La ministra de Educación, Isabel Celaá, en su escaño del Congreso
La ministra de Educación, Isabel Celaá, en su escaño del Congreso Mariscal | EFE

28 nov 2020 . Actualizado a las 05:00 h.

La Iglesia y la derecha no están exigiendo enseñanza concertada, que la ley Celaá mantiene sin ambigüedad. Wert dejó una ley que se lo daba todo a la Iglesia. Eso es lo que están exigiendo derecha e Iglesia. Exigen lo que les había dado Wert: todo. No se llega al meollo de la educación porque el análisis de la ley Celaá se agota en el estruendo político que atruena en la periferia. Demos unas pinceladas rápidas.

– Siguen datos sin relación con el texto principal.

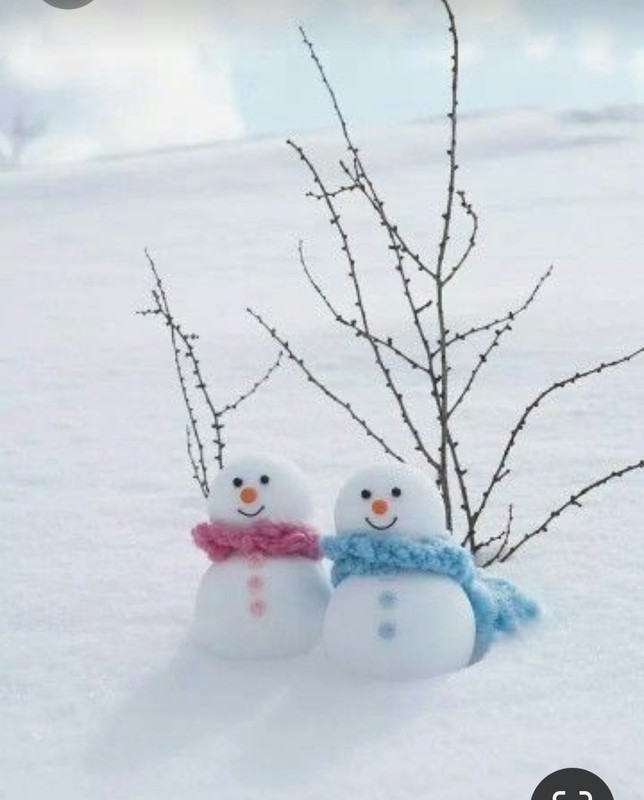 Screenshot_20231006_215419_Pinterest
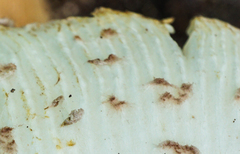 Leucoagaricus americanus image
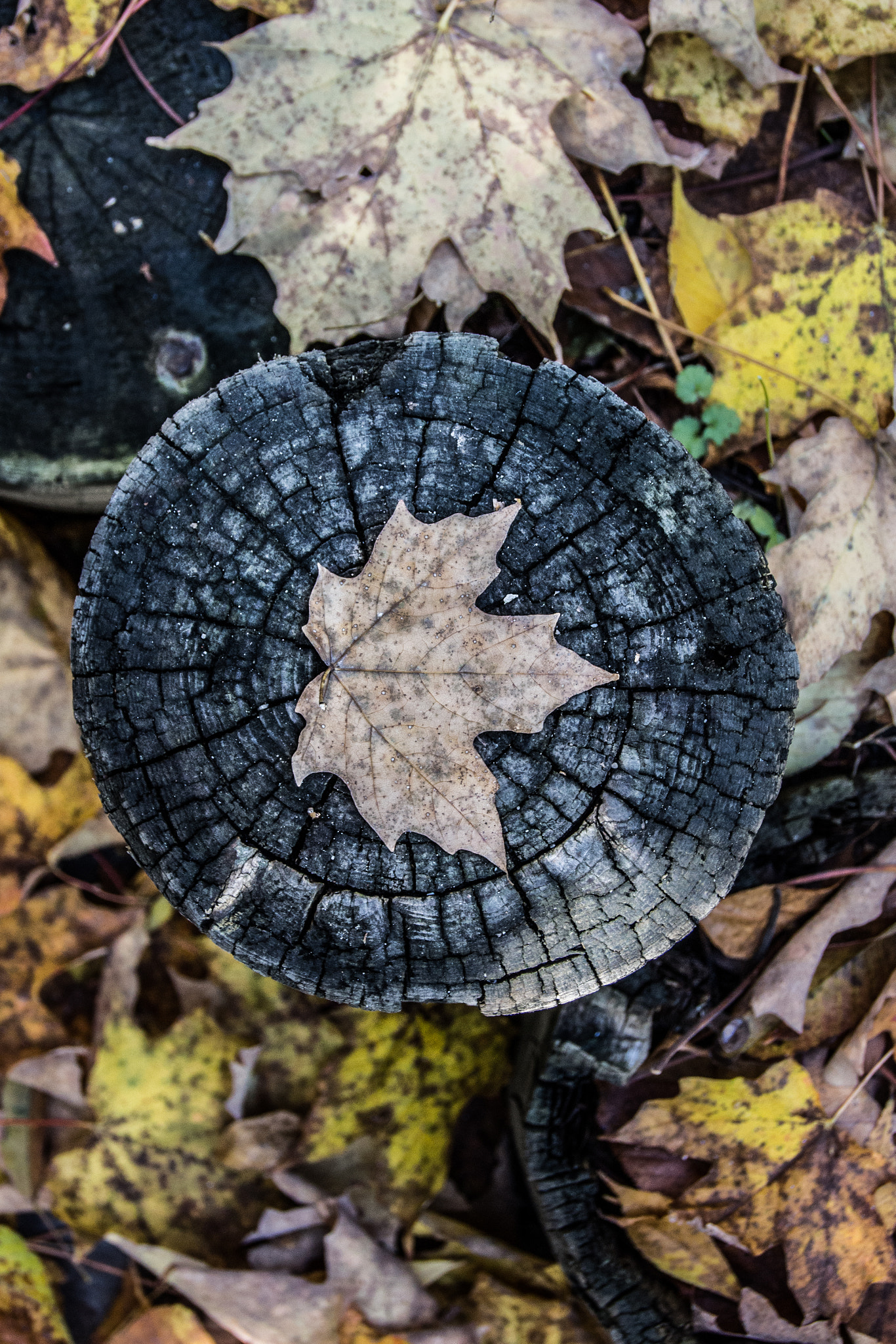 Canon EOS 650D (EOS Rebel T4i / EOS Kiss X6i) sample photo. Magical forest photography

SEGREGACIÓN SOCIAL. Toda segregación consiste en dejar a gente en el camino. Nunca se separa a grupos humanos para llevarlos al mismo sitio. La segregación en el sistema educativo es injusta, ineficiente y peligrosa. Es injusta porque siempre es social. A veces se disfraza de académica, pero siempre es social. Es una injusticia inadmisible pagar con dinero público un sistema que concentre en centros y aulas diferenciadas a los alumnos por clases sociales.

El relator de la ONU describió con dureza el caso de España. El ideológico informe PISA no lo tiene en cuenta en sus puntuaciones, pero anotó lo mismo que el relator. La segregación hace que la suerte esté echada por el barrio en que se vive, la familia que se tiene y el nivel económico con el que se crece, y eso ocurre ahora con más virulencia que en el tardofranquismo. La segregación es ineficiente porque desperdicia el potencial de la población sin ganancia a cambio. Los estudiantes de alto rendimiento no se retrasan porque tengan en el aula a compañeros con más dificultades. Y es peligrosa porque crea guetos, desagregación social y dificulta la integración de población inmigrante.